Earlier this month, Ofgem launched a new Supplier Cost Index (SCI). This new report replaces the Supply Market Indicator, which suffered from reliability issues. The SCI will track the ongoing trends in the energy supply market, revolving around the main elements that energy suppliers face. This update will be published on a quarterly basis, and seeks to increase transparency in the sector, in particular around energy prices.
The previous iteration of this report, the Supply Market Indicator (SMI), was withdrawn following sustained pressure from the energy industry and questions raised about its accuracy. While it may have been unclear how the energy companies were going to react initially to this new Supplier Cost Index, any questions surrounding the reactions were swept away last week. The large energy companies almost immediately called into question the SCI’s forecasts for the energy supply and prices. Companies are not fond of the SCI setting expectations around prices, which may limit their ability to set higher prices.
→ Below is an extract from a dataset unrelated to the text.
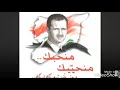 تحيه لبشار الاسد 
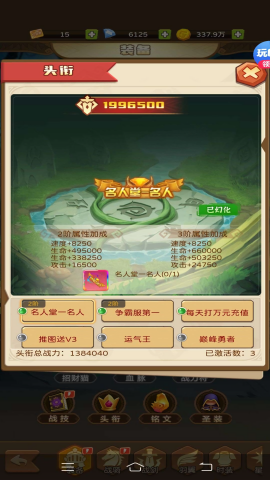 我叫MT英雄杀0.1折充值版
Ofgem is hoping the new index will work to balance the information and reach of the Big Six energy companies, and work to check their power to raises prices. With the index reporting on supply and contributing factors in the sector, it will likely limit the ability of the companies to hike prices too high. Should any tariff increases be out of line or over what is reported in the SCI, the reaction would be overwhelmingly negative and result in actions from Westminster. Members of Parliament from all parties would be likely to question the rise in prices, both inside and outside of Parliament. The government may question any rise, especially given the Prime Minister’s focus on alleviating the pressures on those ‘just about managing’. Finally, should there be a large enough negative public reaction, the government may react with public condemnation of the energy companies, or seek to implement regulatory measures to compensate.
This new tug of war over information and consumer protection will continue for the foreseeable future. The SCI is set to be released quarterly, and it can be expected that upon its release there will be questions to the energy companies and swift actions to sway the opinions of the public.